American investors who want to hold foreign shares of firms that are based in other countries can do so through ADRs (American Depository Receipts). If you aren’t familiar with ADRs, they’re quite simple. A commercial bank has to go to the foreign stock market and purchase shares of a foreign stock. Then, these shares are brought back to the US, where they are put into a trust fund. The commercial bank can issue stock representation certificates that remain in the bank vault until they are sold to the stock market.
When foreign companies pay dividends in their native currency, the bank converts it to US dollars and distributes the money to all certificate owners.
Why It’s Beneficial
Doing so accomplishes many things. American investors can buy/sell ADR in US dollars, which is more convenient than opening a global account with international brokers. Investors can also acquire smaller investments more cost-effectively. You also get your dividends in US dollars, which is highly beneficial because you don’t have to find a way to convert the native currency into your own.
However, the commercial bank where you purchase the stock certificates is going to charge you an ADR fee. They’re usually small compared to the amount of money you get, which helps them cover expenses and ensures you see a reasonable profit.
How It Works
If you go through EuropeFX and trade foreign stocks without the global account, they find ADRs in the United States to help you and determine what the ticker symbol is.
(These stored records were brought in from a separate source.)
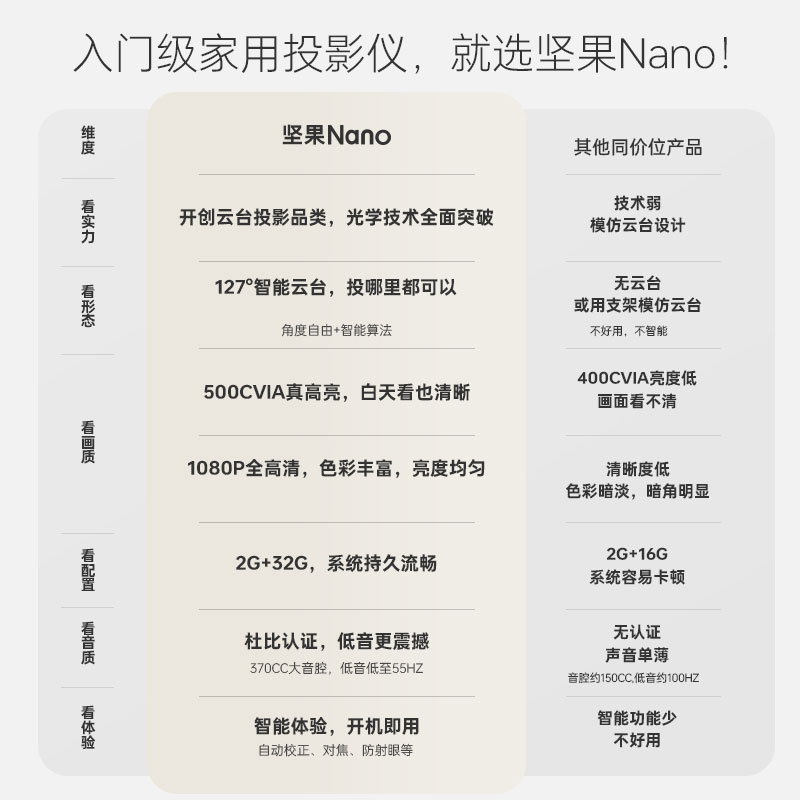【智能云台新品】坚果Nano投影仪家用1080P超高清投墙客厅卧室宿舍家庭小型便携式投影机手机无线投屏护眼
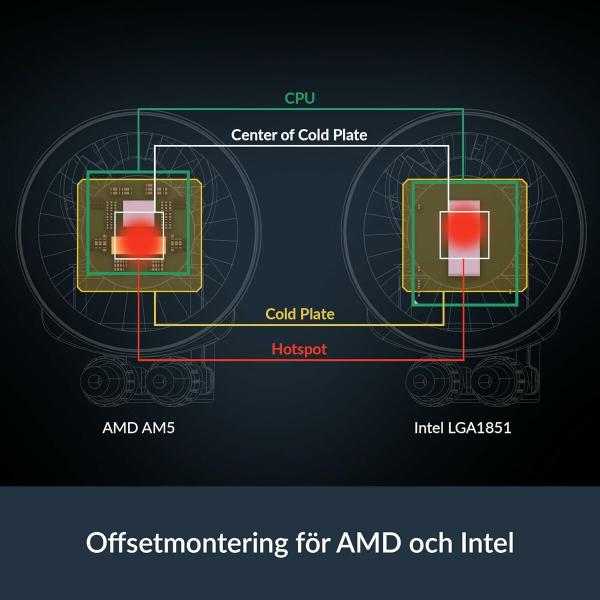 Ventilador de CPU Arctic ACFRE00178A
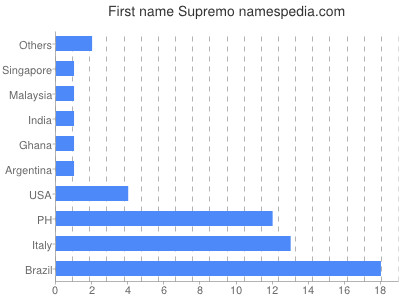 Given name Supremo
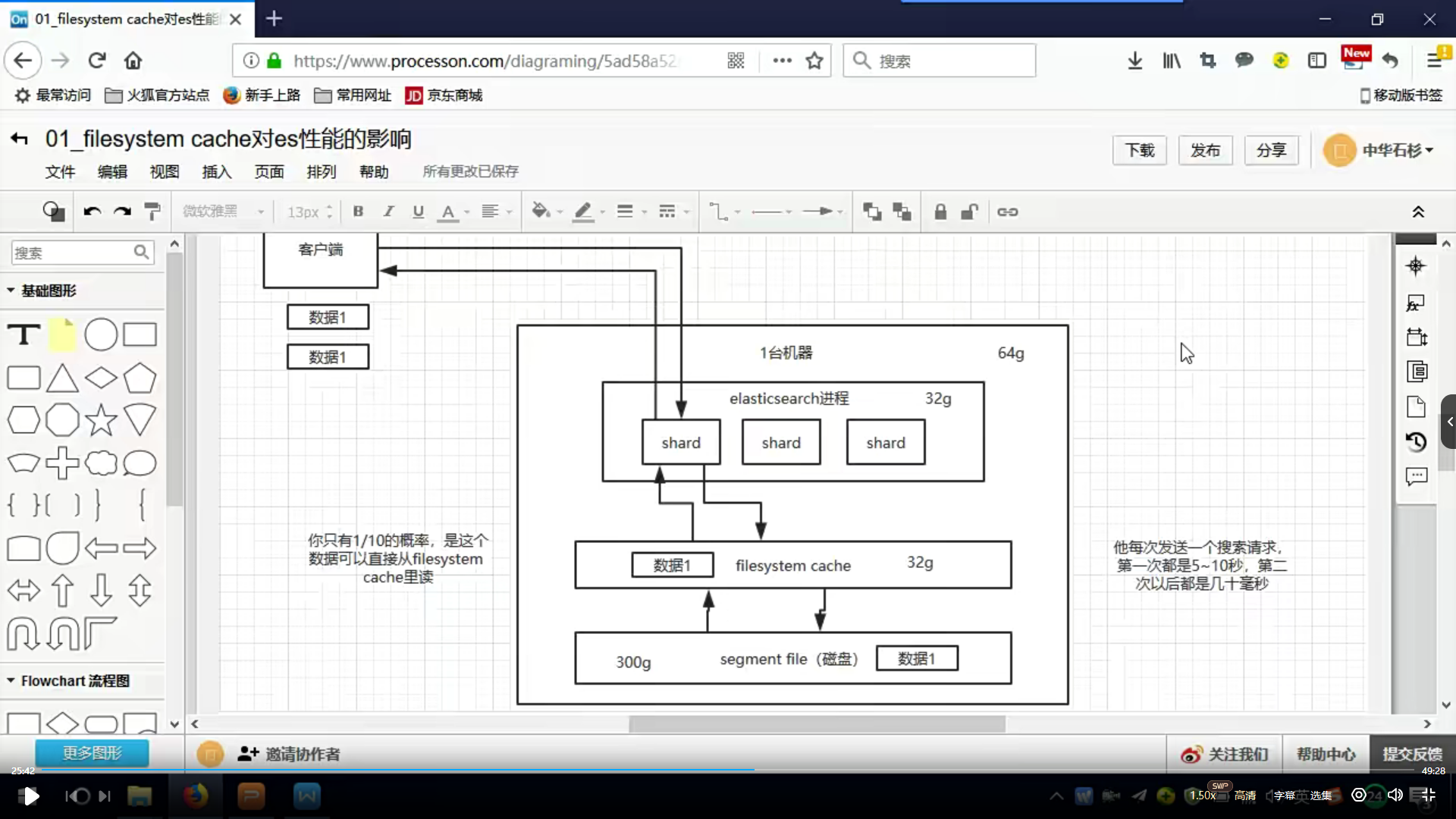 es相关的知识点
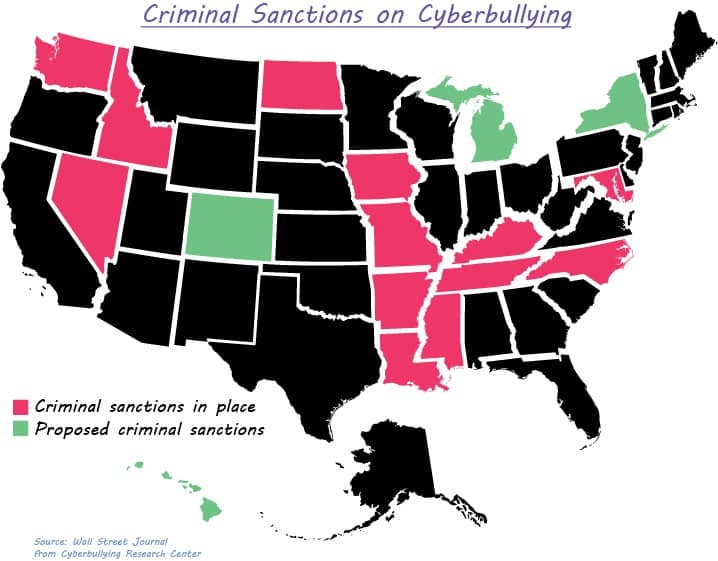 Criminal Sanctions on Cyberbullying in US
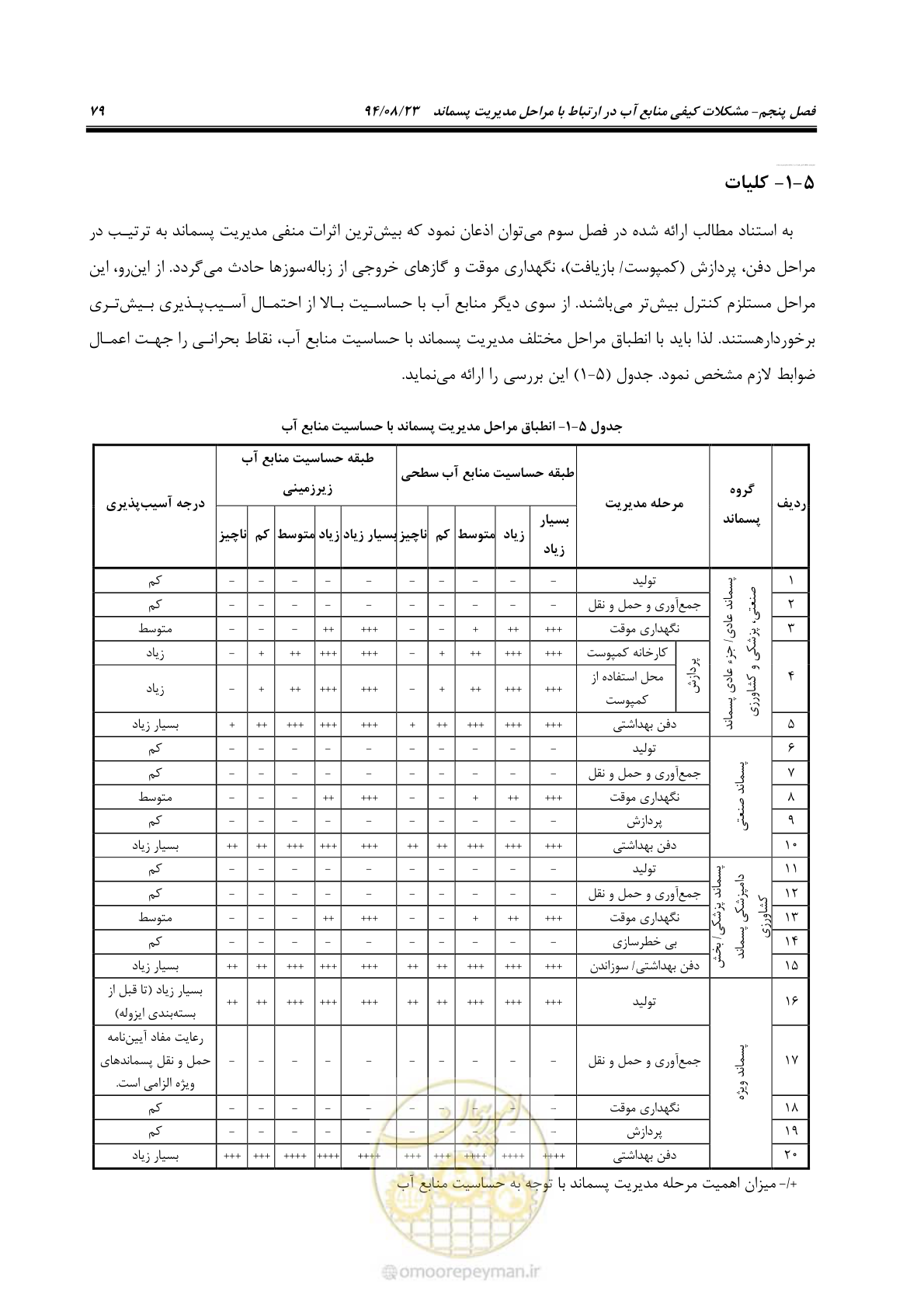 صفحه 95 از 145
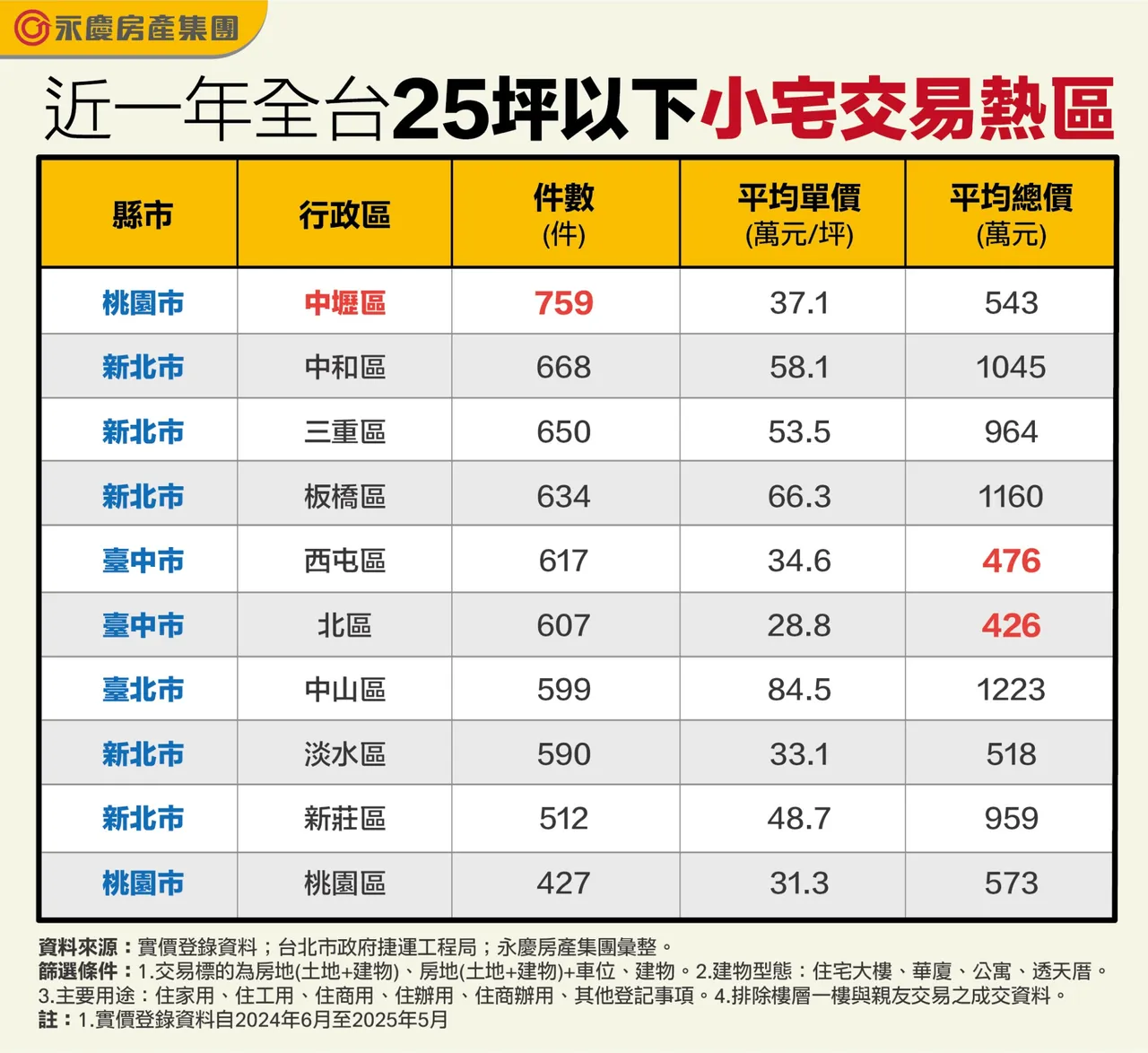 近一年全台25坪以下小宅交易热区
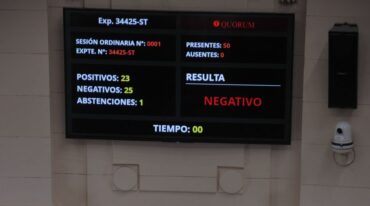 El tablero con el resultado de la votación: 23 votos positivos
If you hold 1,000 ADRs in your account and the company paid about $0.825238 on each ADR, the bank is likely to charge half a penny to facilitate the deal (or $0.005).
For the 1,000 ADR, your statement might look like this:
Qualified Dividends = $825.30
Foreign Taxes Paid = $123.80
ADR Fees = $5.00
Therefore, the large amount would be in your account with the withdrawal of the taxes and fees, giving you a net total of $696.50.